As you can see there is no report on the loop that starts at line 173 (and several loops inbetween) and ends at line 269.

TimP · ‎09-17-2015

The absence of a report on a loop may indicate that the compiler has optimized it away as redundant.

I don't agree that /Qparallel eliminates the need for environment variables. OMP_NUM_THREADS, OMP_PLACES, etc. play the same roles as under OpenMP, and are particularly important when HyperThreading is enabled. Your varying run times may confirm their importance. If you have a single CPU symmetric multi-core platform without HT you may be able to avoid the environment variables.

Arjen_Markus · ‎09-17-2015

Now that would be awkward, as it implements the initialisation of a number of arrays (indices depending on the loop variable) - it is also not entirely trivial.

I removed the "DO CONCURRENT" construct and the outer loop (which does not do anything useful yet), but the loop is still not reported about.

As for the environment variables, that is useful to know.

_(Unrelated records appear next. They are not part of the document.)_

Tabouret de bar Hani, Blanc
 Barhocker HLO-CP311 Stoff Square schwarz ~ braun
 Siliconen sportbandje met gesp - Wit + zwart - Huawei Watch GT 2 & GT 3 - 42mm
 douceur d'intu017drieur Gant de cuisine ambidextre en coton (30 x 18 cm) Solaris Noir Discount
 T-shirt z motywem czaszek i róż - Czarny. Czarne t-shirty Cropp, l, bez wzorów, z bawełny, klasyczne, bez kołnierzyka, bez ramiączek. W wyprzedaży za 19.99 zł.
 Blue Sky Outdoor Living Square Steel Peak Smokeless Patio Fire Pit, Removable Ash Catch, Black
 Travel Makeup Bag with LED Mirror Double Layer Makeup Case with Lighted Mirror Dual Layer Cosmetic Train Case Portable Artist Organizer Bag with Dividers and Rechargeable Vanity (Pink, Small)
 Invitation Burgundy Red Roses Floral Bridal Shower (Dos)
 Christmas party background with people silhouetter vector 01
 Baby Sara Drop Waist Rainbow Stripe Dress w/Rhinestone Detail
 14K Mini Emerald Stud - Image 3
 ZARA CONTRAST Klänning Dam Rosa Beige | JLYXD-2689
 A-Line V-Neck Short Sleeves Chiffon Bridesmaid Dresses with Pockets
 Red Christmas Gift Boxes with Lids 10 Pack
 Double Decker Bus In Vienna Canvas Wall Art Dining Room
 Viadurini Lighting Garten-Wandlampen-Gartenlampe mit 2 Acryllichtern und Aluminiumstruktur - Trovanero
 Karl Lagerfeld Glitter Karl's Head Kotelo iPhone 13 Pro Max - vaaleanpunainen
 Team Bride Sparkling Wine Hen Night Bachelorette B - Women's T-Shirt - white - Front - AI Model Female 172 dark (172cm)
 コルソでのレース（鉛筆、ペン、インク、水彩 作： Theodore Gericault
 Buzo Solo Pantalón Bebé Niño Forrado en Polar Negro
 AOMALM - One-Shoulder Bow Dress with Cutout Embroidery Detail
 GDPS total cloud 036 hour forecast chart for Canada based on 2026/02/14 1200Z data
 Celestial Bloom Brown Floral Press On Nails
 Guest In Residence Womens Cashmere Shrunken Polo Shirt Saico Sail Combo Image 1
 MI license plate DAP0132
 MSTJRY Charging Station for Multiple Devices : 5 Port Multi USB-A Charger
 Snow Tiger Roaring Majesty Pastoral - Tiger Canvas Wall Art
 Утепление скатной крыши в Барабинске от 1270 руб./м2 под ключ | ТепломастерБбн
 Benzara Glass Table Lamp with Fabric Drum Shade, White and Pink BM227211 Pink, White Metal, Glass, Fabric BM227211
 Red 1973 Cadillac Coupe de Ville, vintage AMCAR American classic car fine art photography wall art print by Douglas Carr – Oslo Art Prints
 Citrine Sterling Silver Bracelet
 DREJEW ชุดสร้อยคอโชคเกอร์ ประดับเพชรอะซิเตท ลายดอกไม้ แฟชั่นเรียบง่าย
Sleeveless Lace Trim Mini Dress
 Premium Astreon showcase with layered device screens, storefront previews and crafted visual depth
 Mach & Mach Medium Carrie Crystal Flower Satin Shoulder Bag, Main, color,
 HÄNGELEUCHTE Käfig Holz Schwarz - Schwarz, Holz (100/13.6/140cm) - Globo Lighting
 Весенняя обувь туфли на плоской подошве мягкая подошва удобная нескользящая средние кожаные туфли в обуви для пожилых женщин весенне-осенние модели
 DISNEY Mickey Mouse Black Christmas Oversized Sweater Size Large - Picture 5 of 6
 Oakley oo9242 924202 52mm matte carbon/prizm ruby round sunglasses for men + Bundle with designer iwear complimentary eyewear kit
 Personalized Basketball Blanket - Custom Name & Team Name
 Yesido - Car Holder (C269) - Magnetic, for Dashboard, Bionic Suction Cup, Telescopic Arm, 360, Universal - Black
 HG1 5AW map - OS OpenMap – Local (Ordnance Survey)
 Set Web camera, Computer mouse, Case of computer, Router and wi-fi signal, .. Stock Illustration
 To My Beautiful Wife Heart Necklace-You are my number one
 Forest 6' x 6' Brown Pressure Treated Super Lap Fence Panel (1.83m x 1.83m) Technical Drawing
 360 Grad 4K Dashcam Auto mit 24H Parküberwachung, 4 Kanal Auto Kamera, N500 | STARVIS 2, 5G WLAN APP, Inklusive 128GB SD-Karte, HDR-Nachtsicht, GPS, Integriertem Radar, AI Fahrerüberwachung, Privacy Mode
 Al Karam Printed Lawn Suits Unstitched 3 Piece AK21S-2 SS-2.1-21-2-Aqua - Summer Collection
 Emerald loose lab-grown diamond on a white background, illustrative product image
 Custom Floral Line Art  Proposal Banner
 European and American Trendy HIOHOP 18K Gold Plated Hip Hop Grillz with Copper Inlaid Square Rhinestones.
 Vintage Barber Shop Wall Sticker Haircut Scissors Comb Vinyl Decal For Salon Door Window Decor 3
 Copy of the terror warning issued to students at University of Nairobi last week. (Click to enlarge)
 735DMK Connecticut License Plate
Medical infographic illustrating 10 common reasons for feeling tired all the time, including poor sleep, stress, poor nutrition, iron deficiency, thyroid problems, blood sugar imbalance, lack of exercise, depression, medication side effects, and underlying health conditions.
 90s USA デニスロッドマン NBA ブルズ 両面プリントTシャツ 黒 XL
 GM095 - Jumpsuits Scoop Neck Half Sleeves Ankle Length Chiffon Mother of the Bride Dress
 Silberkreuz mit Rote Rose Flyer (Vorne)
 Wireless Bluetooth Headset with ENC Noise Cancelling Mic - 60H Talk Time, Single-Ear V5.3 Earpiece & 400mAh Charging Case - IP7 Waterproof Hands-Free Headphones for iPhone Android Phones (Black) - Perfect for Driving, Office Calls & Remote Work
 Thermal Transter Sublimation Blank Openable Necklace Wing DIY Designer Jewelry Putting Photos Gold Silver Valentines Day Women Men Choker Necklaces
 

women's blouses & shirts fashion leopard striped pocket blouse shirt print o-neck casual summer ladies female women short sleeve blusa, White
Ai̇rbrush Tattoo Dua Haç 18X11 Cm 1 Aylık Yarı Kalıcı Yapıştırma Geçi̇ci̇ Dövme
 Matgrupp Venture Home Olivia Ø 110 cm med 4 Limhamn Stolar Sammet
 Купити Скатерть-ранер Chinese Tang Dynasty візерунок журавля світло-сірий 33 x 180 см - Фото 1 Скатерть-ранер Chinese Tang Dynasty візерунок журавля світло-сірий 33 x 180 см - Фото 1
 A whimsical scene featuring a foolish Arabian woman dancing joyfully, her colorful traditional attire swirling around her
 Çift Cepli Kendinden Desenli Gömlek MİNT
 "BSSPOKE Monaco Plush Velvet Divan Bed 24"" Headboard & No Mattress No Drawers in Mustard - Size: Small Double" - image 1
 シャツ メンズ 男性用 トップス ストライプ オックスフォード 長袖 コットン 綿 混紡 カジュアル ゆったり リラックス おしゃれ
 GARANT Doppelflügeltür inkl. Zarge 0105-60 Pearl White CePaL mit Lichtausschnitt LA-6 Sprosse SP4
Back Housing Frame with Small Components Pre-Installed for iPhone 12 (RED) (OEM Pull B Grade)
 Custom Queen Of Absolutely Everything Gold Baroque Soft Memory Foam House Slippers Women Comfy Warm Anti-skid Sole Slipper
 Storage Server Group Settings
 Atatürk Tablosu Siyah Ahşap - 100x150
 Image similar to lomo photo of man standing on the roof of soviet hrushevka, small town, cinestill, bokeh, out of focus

I was merely referring to the need for /F... and OMP_STACKSIZE, as those parameters clearly depend on the problem that is to be solved.

Martyn_C_Intel · ‎09-18-2015

I think you should set the KMP_AFFINITY environment variable, especially if you have hyperthreading enabled, as seems likely. That may make your timings more consistent from run to run. E.g.

Set KMP_AFFINITY=scatter (or set OMP_PROC_BIND=spread, which I think is similar).

It’s strange that you have no message for the loops at 173 and 174. (I take it that 161 – 164 are array assignments). What options are you using? I would use just

/Qopt-report:3 and optionally /qopt-report-file:stderr

and not use anything like /Qpar-report or /Qvec-report. The optimization reports were completely reimplemented in the 15.0 compiler; these older switches are deprecated and don’t map very cleanly to the new reports. For more about the new reports, see for example https://software.intel.com/en-us/videos/getting-the-most-out-of-the-intel-compiler-with-new-optimization-reports or the related article at https://software.intel.com/sites/default/files/managed/4c/1c/parallel_mag_issue19.pdf

I agree that the only way you might get no message for a loop should be if it is completely optimized away, e.g. if the quantities it calculates are never used. If it is simply merged with other loops, you should still get a “fusion” message, along with an “empty” loop in the report consisting only of the LOOP BEGIN and LOOP END message.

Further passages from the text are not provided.